The Government Accountability Office released its 2015 High-Risk List this morning before a series of officials, including U.S. Comptroller General Gene Dodaro, testified before the Senate Homeland Security and Governmental Affairs Committee.

The biennial report is GAO’s most-valued effort – a detailed description of the most troubled large-scale programs and projects in government.

Two new issues, IT acquisition and operations and health care at the Department of Veterans Affairs, were added to this year’s list, joining 30 other problematic programs.
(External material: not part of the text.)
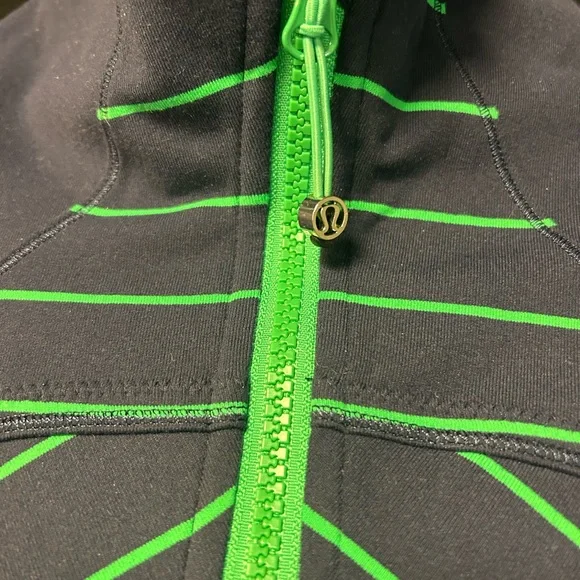 Lululemon Athletica Navy and Green Chevron Jacket - Picture 7 of 14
Here are some of the most egregious tidbits from GAO’s newest report:

  • GAO estimates more than $90 billion in improper payments among Medicare, Medicaid and the earned income tax credit. “Any effort to reduce the size (of improper payments) could yield billions, if not more in savings in those programs alone,” Dodaro stated. The Centers for Medicare and Medicaid Services overpaid for medical devices in 2012 by $6 billion, a figure referenced by a clearly disgusted Sen. Claire McCaskill, D-Mo.
  • GAO has been reporting problems in veteran health care since 2000, with increased attention in the past five years. During that span, GAO has made 167 recommendations to VA, but only 20 percent have actually been heeded. If I followed only 20 percent of the recommendations of my overseers, I’d receive a swift boot in the butt out the doorway. “VA suffers from mismanagement and inadequate oversight, especially in individual facilities,” said Sen. Tammy Baldwin, D-Wisc. No kidding.
  • The government spends a shade over $80 billion on IT each year, but $58 billion goes to legacy operations. That’s not a recipe for modernization. GAO has made 737 recommendations to agencies in an effort to improve IT spend, but only 23 percent of those recommendations have been fully implemented. “Again, Congress has made efforts in VA and IT, but efforts need to be monitored with more congressional oversight and, in my opinion, agencies need to be reformed,” Dodaro said.
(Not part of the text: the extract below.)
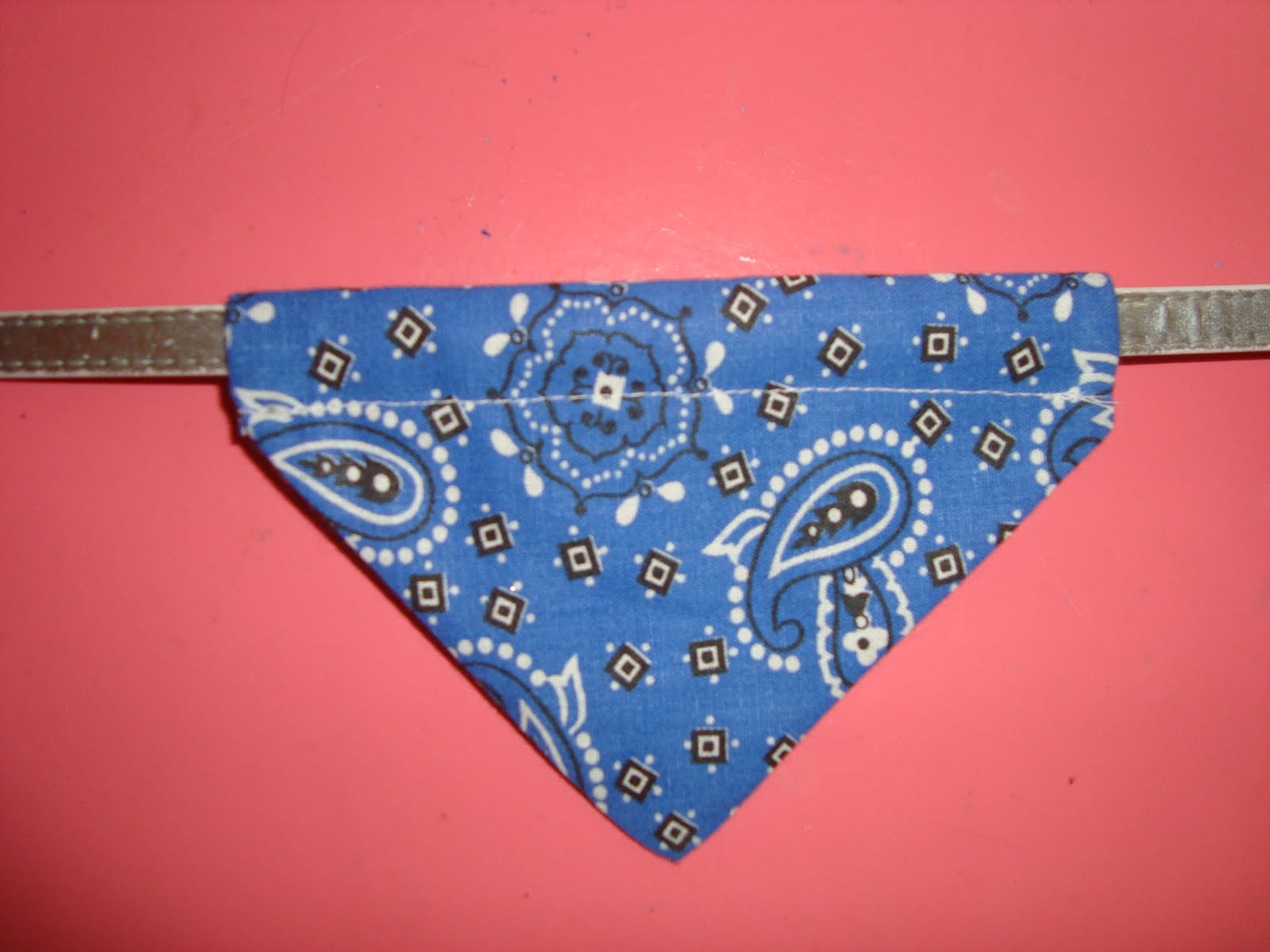 Anngela's Pretty Little Things Easy Dog Bandana {Tutorial}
What’s ironic is that when the government does fully follow GAO’s recommendations, it saves a whole lot of money.

Committee Chairman Sen. Ron Johnson, R-Wisc., put his accounting background on public display, highlighting one of the most absurd facts tossed around today.

In the past two years, the federal government has saved $40 billion by fully implementing GAO recommendations, which led him to ask Dodaro, “If we were to implement all the recommendations on the current High-Risk List, what do you think the potential savings would be?”

Dodaro didn’t give an exact number, but he hinted that just fixing improper payments in Medicare, Medicaid and earned income tax credits – implementing predictive analytics across those agencies to sniff out bad payments, for example – would likely save billions alone.

Despite such an obvious value – $40 billion saved in two years – Congress has actually cut GAO’s annual budget by some $30 million since 2010.

GAO’s operating budget is about $522 million, so the savings generated by its recommendations amount to a “76 to 1 payback,” Johnson said. He added, “We need to make sure GAO stays fully funded.”